Black takes the standard fish-out-of-water plot structure of so many fantasy novels and invests it with far more day-to-day details than are usually provided, which is both a strength and a weakness of the novel. The benefit is that the author includes a vast number of relatable pragmatic considerations that confront Althea once she finds herself in her ancestral dwelling in the Thitherlands; readers stumble along with her as she gradually figures out how things work, from prosaic matters of dining and bathing to the broader functioning of her kingdom. The downside of Black’s approach is that the steady ladling out of these details effectively kills dramatic tension and opens the door to a large amount of tedium. The novel is already prone to this problem as it’s drastically overlong (this is, at most, a 400-page story rattling around through well over 700 pages of text)—some readers will doubtlessly finish this first volume hoping the second one is either slimmer or more thickly packed with incident. The author has a sharp ear for lively dialogue and fills many of the pages with characters griping with each other, snapping at each other, and quipping to each other.
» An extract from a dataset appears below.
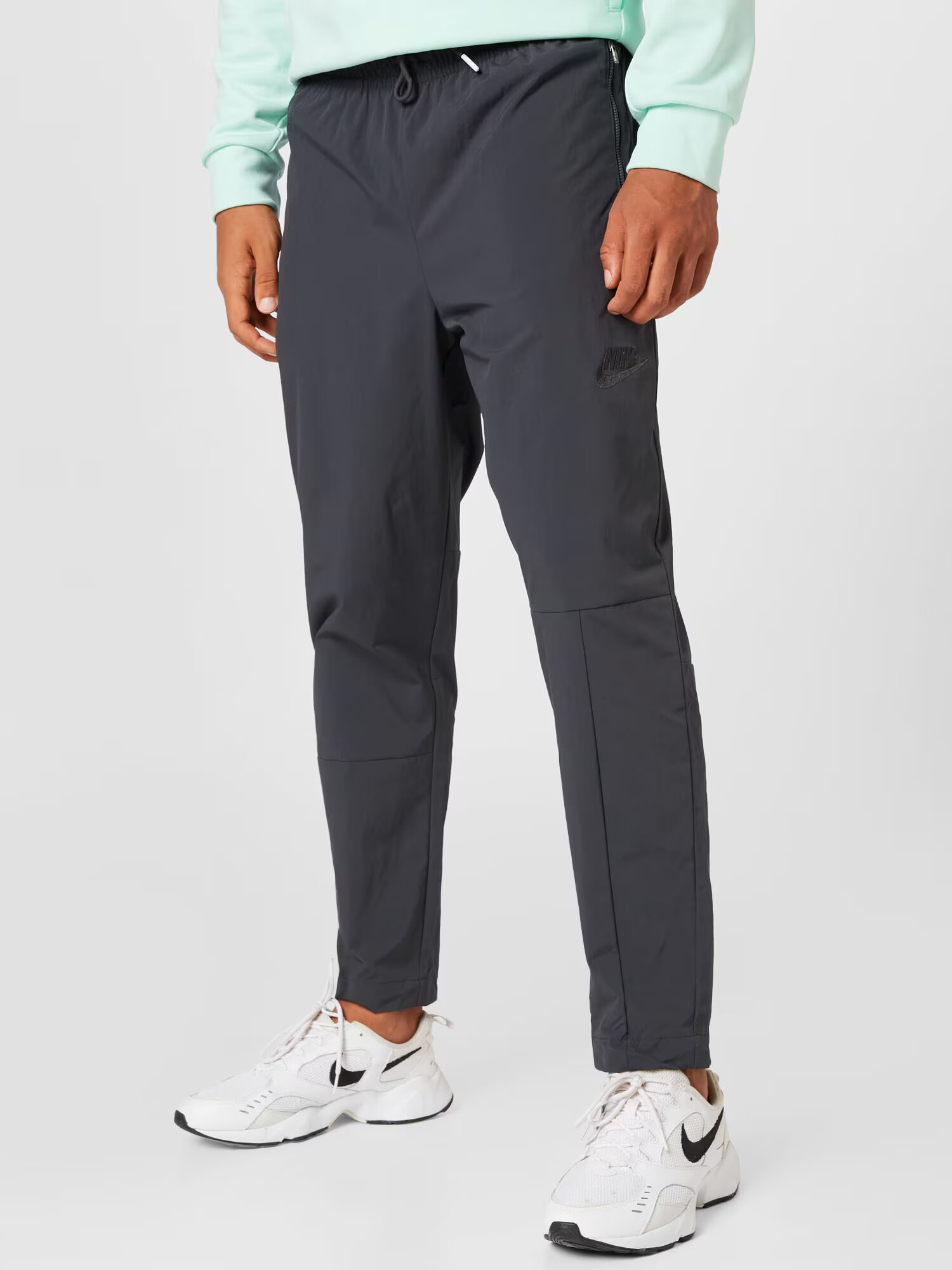 Nike Sportswear Pantaloni gri metalic - Pled.ro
While the tangles of the actual plot machinations are introduced frustratingly late in the story, they do serve to quicken the book’s final hundred pages. Before this point, there’s a certain level of interest in discovering, alongside Althea, the ways of this odd fantasyland, where she has far deeper roots than she ever had back in Chicago. And it helps that Althea herself is endearingly human.
An intriguing but excessively protracted first installment in a fantasy series.